Air Down – Please Don’t Tear Up the Beaches
Bill Smith, President #7126 Life Member
Much has been written and said after this past summer season about the need to lower tire pressure before driving on the beach. The issue became one of this summer’s biggest, with over thirty cars being stuck one weekend day at Ramp 44 on Hatteras Island.
The need to “air down” before venturing out onto the sand remains an area of concern for both the National Park Service, as well as other drivers who have to deal with the challenges of multiple “stuck” vehicles in their path.

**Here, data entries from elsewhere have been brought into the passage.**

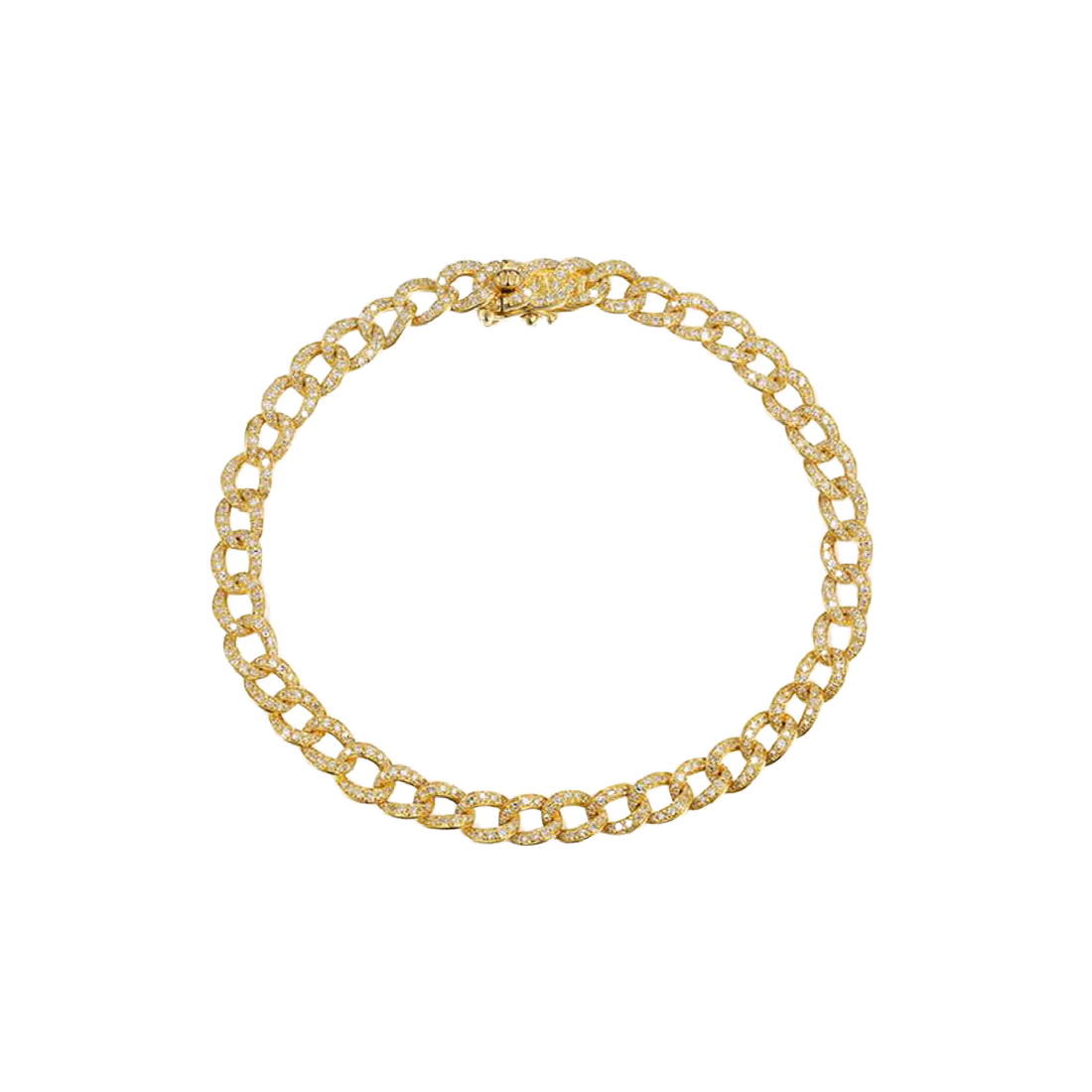 Elegant Chain Link Gold Bracelet with Sparkling Diamonds
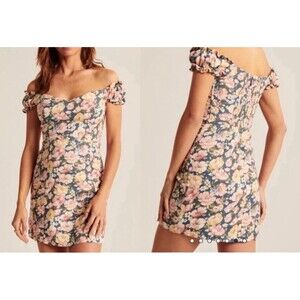 Abercrombie & Fitch Off Shoulder Mini Dress Women S Blue Floral Bohemian Beachy
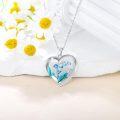wholesale 925 Sterling Silver Blue Lily of the Valley Birth Flower Heart Pendant Necklace for Women-0-1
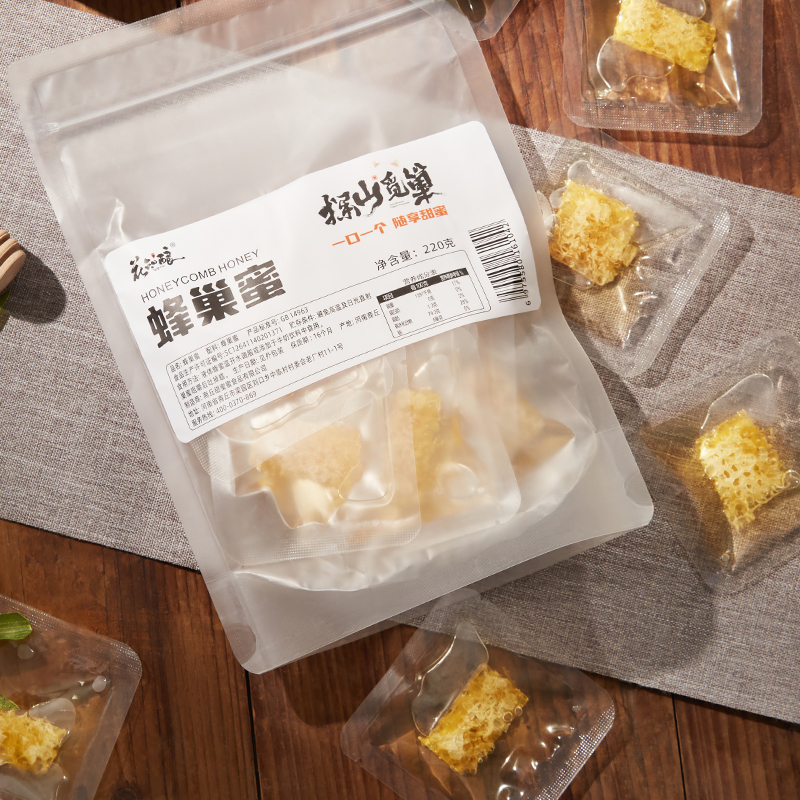 蜂巢蜜独立小包可以嚼着吃纯正块蜂蜜自产天然蜂窝蜜小巢蜜整块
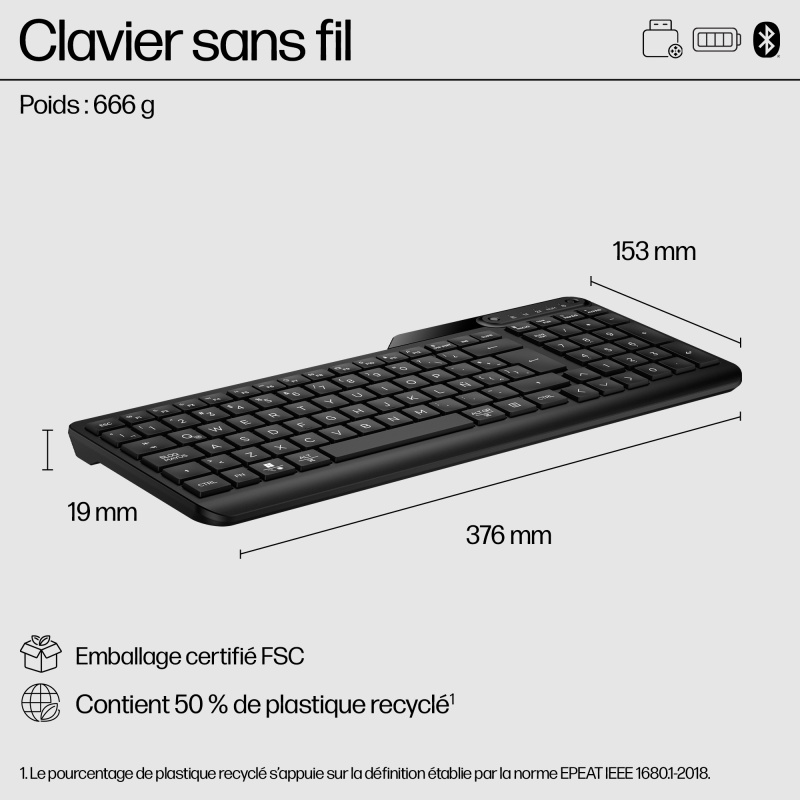 HP INC. clavier Universel RF sans fil + Bluetooth Noir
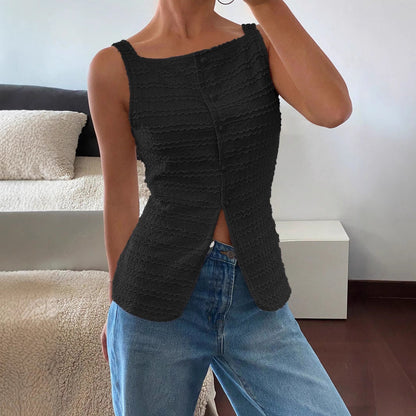 Kensi | Slim Fit Geribde Tanktop Dames – Katoenmix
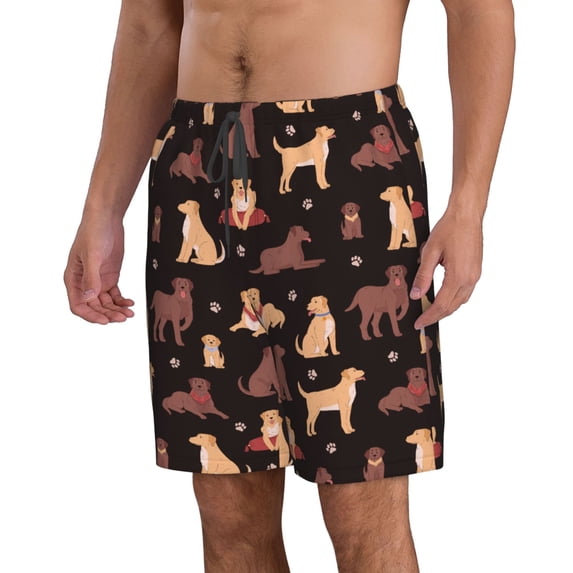 Uemuo Labrador Retriever Dog Pattern Men's Swim Trunks Hawaiian Beach Bathing Suit Swimsuits Beach Quick-Dry Shorts with Pockets-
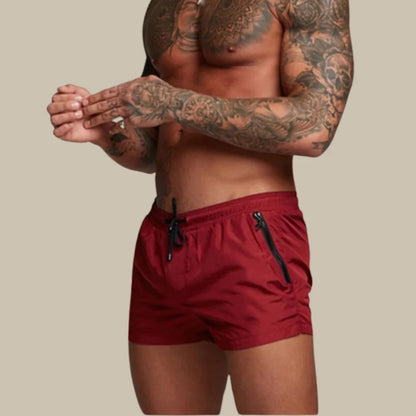 Men’s Swim Trunks – Slim Fit – Quick-Dry Breathable Blend – Elastic Waist – Zip Pockets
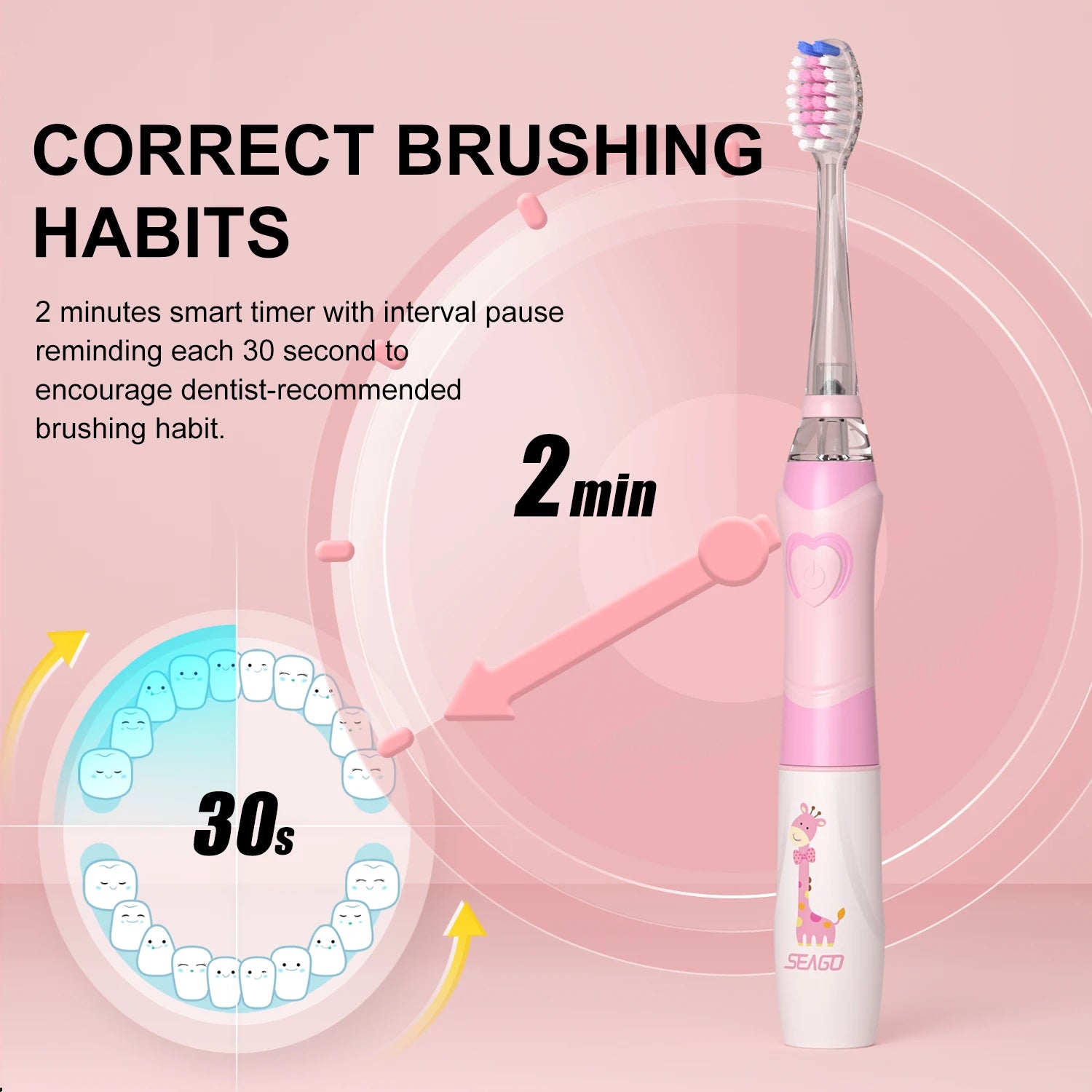 Electric Toothbrush Kids Battery with Colorful LED Waterproof Sonic Brush Soft Bristles Teeth Cleaning Oral Care Child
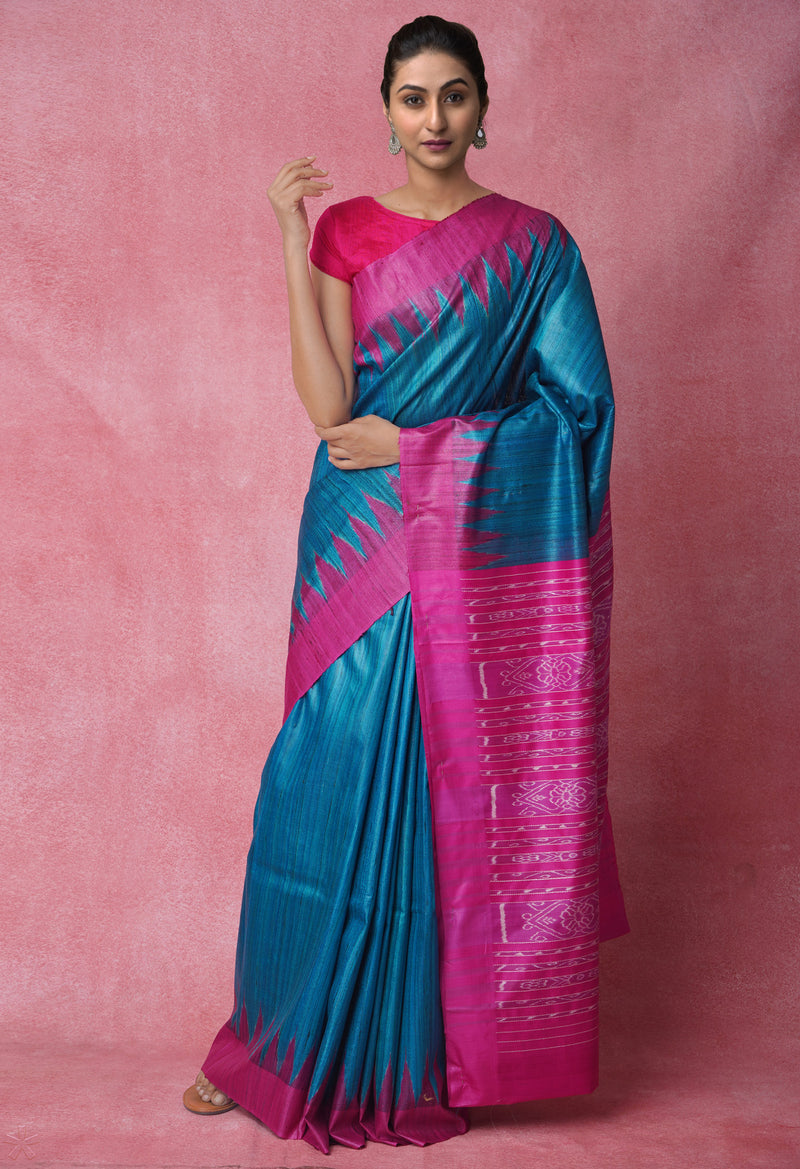 Blue Pure Ghicha Handloom Jute Saree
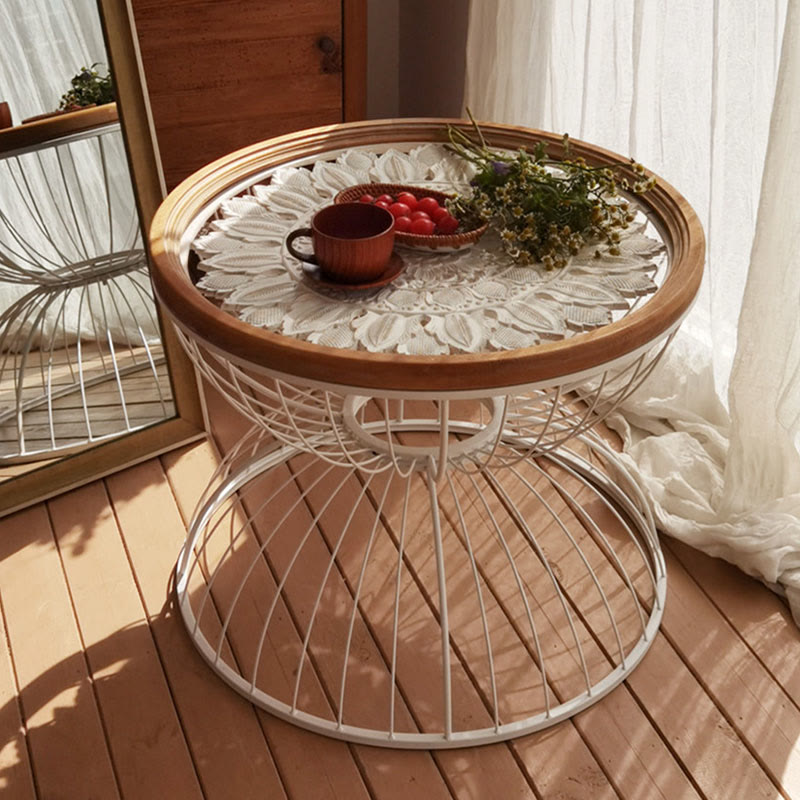 Glass Tabletop Solid Wood Carved Side Table - White - image 0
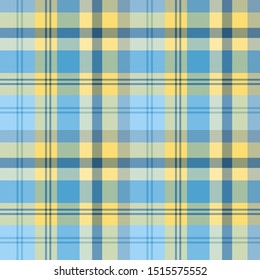 Seamless pattern in marvelous cozy yellow and blue for plaid, fabric, textile, clothes, tablecloth and other things. Vector image. 
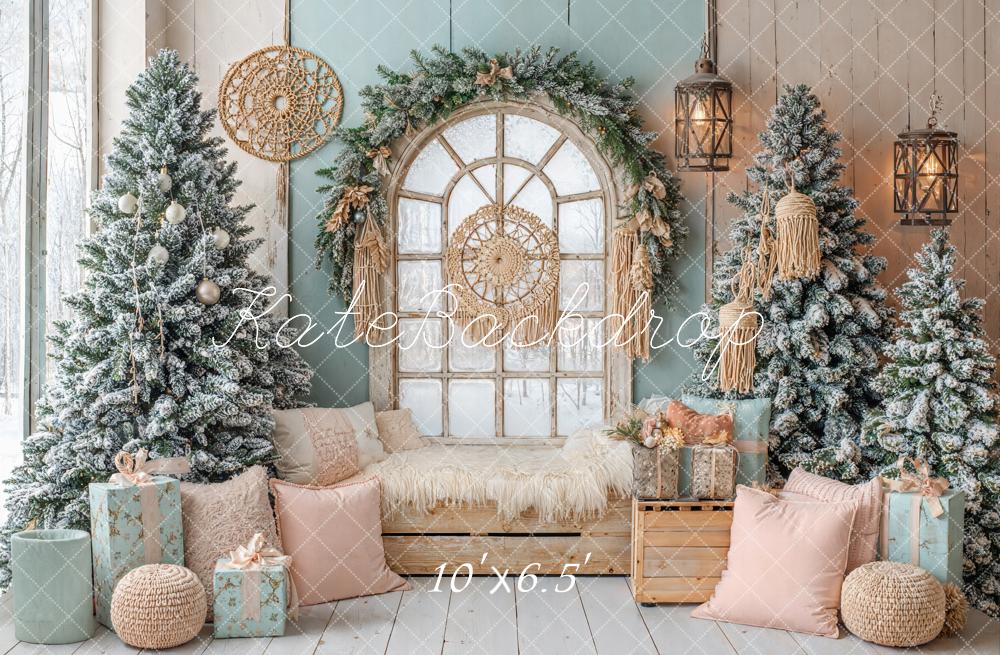Kate Weihnachten Fenster Geschenk Pastell Fleece Hintergrund Entworfen von Emetselch - Kate Backdrop.de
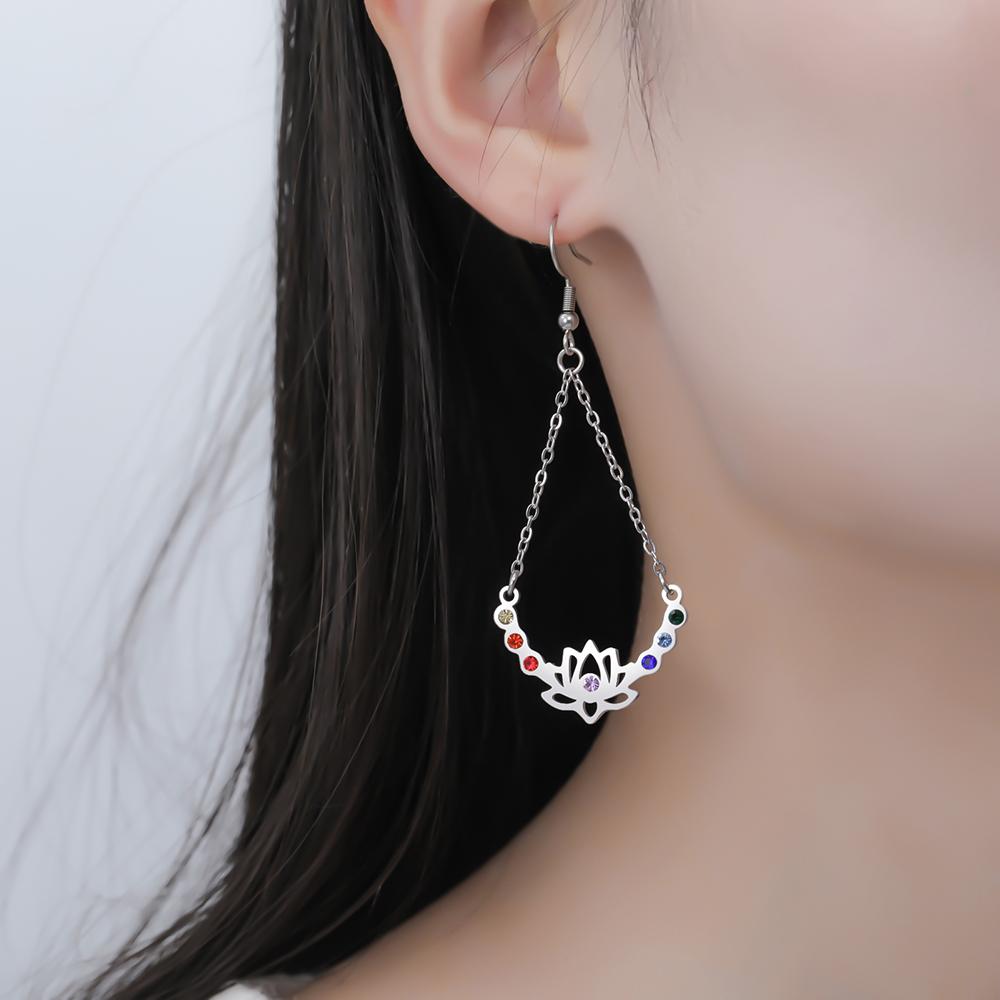 Dawapara Chakras Lotus Flower Dangle Earrings Stainless Steel Women Earrings Colorful Zircon Boho Yoga Spiritual Jewelry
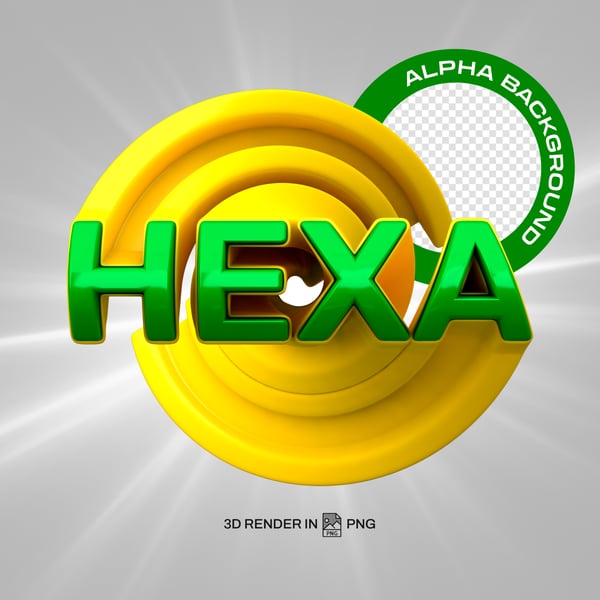 3D RENDER HEXA BRASIL VERDE E AMARELO PSD EDITÁVEL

If you read comments online, there are many different opinions expressed but the opinion of most experienced beach drivers is that it is imperative that you lower tire pressure significantly before attempting drive on the sand, normally reducing air pressure to at least 20 pounds or below.
It seems one of the biggest deterrents to beach drivers failing to “air down” surrounds their questions of what do they do after they leave the beach. Many who come to the Outer Banks on vacation, as well as those who live here, keep their tires aired down for significant periods of time. They do not “air down” and “air up” each time they use the beach. Maintaining reasonable highway speeds, in the area of 40 to 45 mph does little to compromise a vehicle’s tires, certainly over a limited period of time.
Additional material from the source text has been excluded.